Quella Germania dove l’Industria 4.0 è nata tempo fa e alla quale le imprese italiane, anche quelle piccole, non possono più sottrarsi. Il perché ce lo dice, ancora, l’imprenditore di Arcisate: «La scelta è stata dettata da una necessità: non avere una macchina innovativa ti fa perdere in produttività e competitività. Nel nostro settore le richieste dei clienti sono sempre più mirate, le grafiche devono essere molto più complesse rispetto a pochi anni fa, devi essere pronto a rispondere in tempo reale. Anche con prodotti a sette o otto colori».

A questo si aggiunge la trasformazione tecnologica: «Una volta le macchine erano elettroniche, meccaniche o elettromeccaniche. Oggi c’è l’elettronica: tutto si comanda da un quadro elettrico, ci si interfaccia direttamente con il sistema gestionale, si fa assistenza remota. Insomma si tratta di un’evoluzione che interessa tutta la complessità del processo di stampa, da un punto di vista sia qualitativo che produttivo. E infine c’è la necessità cronica di restare sul mercato e, di conseguenza, di dover aumentare la produzione abbassando i tempi di consegna».

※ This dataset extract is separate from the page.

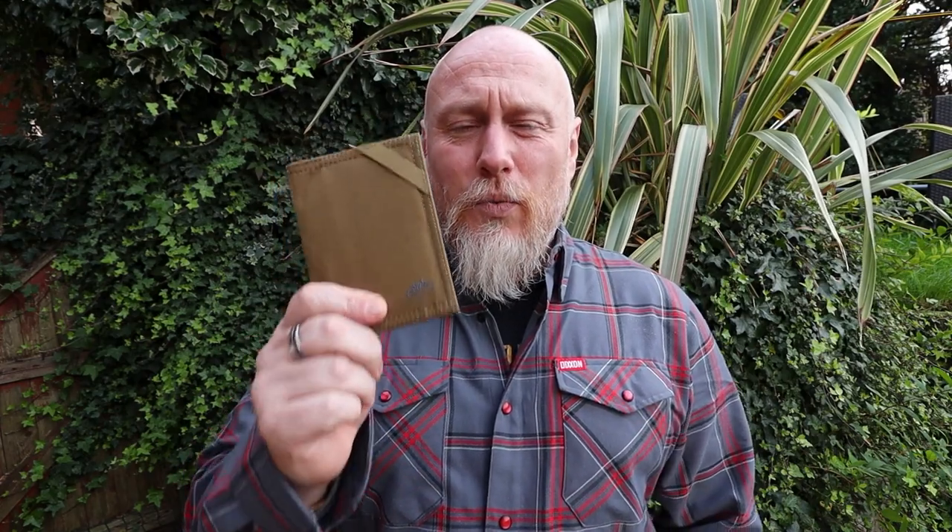Hi, I'm the Moorlander and this is Moorlander EDC. Recently, Helicon Tech's released quite a few different wallets ranging from micro to small to medium to large and then other almost kind of pouches, EDC pouches. So I picked a few of them up and today we are going to look at the Helicon Tech's small wallet.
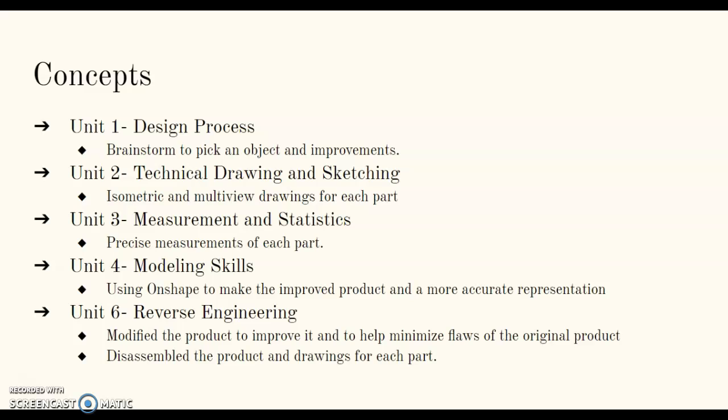Some of the key concepts in this project are: from Unit 1, the design process — we brainstormed to pick the object and brainstormed how to improve it. Unit 2, technical drawing and sketching — we did the isometric and multi-view drawing for each part. Unit 3, measurement and statistics — precise measurements of each part to make sure it was proportional when we drew it. Unit 4, modeling skills — we used Onshape to make the improved product and a more accurate representation of it.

Niente di nuovo, vero, ma il plusvalore è prima di tutto questo: macchine flessibili, e semplici da comandare, per cambi di lavoro sempre più rapidi. E che, per quanto riguarda Pierobon, dovrebbe portare ad un altro, grosso cambiamento: «Perché investo? Per tenermi i clienti, per averne di nuovi, per far crescere il volume di affari, per mantenere e – se possibile – incrementare il numero dei miei collaboratori».

I numeri sono da capogiro: all’Alba di Arcisate si producono circa quaranta milioni di sacchetti in un anno; per il resto del materiale si parla di tonnellate. I calcoli sono subito fatti: «Un film che confeziona una fila di piatti pesa dai sei ai sette grammi e ne stampiamo mille chili al giorno. Le confezioni dei piatti variano da un minimo di venti pezzi ad un massimo di cento. Con la nuova macchina sarò ancora più veloce e sono sicuro che scoprirò cose che mi stupiranno».

D’altronde, quando si dice imprenditore si dice innovazione: stare al passo con i tempi è da sempre una caratteristica delle piccole imprese, e Pierobon sotto questo punto di vista non fa difetto. «L’industria 4.0 è un salto generazionale e senza dubbio culturale, ma non deve spaventare: le macchine degli anni Novanta o Duemila non erano 4.0 ma erano diverse da quelle degli anni Sessanta. I torni meccanici diversi da quelli a controllo numerico, ma poi hanno prodotto solo quelli e l’impresa si è adeguata. Tutto questo per dire che l’evoluzione della tecnica c’è sempre stata, ed è chiaro che la novità deve essere accompagnata dalla preparazione. A guidarci è il mercato, e la tecnologia è una risposta immediata a quello che ci chiedono i clienti: restare indietro non mi risulta abbia mai pagato».

Se proprio vogliamo, oggi le difficoltà sono altre. E Pierobon le sottolinea a chiare lettere: «Di fronte alla caduta delle marginalità, alle imprese si sono chiesti investimenti sempre più importanti in macchine dell’ultima generazione: stare al spasso non è per niente facile ma si deve».